Character set conversion

When translating XML to legacy ASCII-based formats with poor support for Unicode, such as man pages and Texinfo, there is always the problem that Unicode characters in the source document also have to be translated somehow.

A straightforward character set conversion from Unicode does not suffice, because the target character set, usually US-ASCII or ISO Latin-1, do not contain common characters such as dashes and directional quotation marks that are widely used in XML documents. But document formatters (man and Texinfo) allow such characters to be entered by a markup escape: for example, \(lq for the left directional quote . And if a markup-level escape is not available, an ASCII transliteration might be used: for example, using the ASCII less-than sign < for the angle quotation mark .
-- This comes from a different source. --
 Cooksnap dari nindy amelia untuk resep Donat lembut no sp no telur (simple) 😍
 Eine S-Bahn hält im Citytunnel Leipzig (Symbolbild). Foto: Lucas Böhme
So the Unicode character problem can be solved in two steps:

  1. utf8trans, a program included in docbook2X, maps Unicode characters to markup-level escapes or transliterations.

    Since there is not necessarily a fixed, official mapping of Unicode characters, utf8trans can read in user-modifiable character mappings expressed in text files and apply them. (Unlike most character set converters.)

    In charmaps/man/roff.charmap and charmaps/man/texi.charmap are character maps that may be used for man-page and Texinfo conversion. The programs db2x_manxml and db2x_texixml will apply these character maps, or another character map specified by the user, automatically.

  2. The rest of the Unicode text is converted to some other character set (encoding). For example, a French document with accented characters (such as é) might be converted to ISO Latin 1.

    This step is applied after utf8trans character mapping, using the iconv encoding conversion tool. Both db2x_manxml and db2x_texixml can call iconv automatically when producing their output.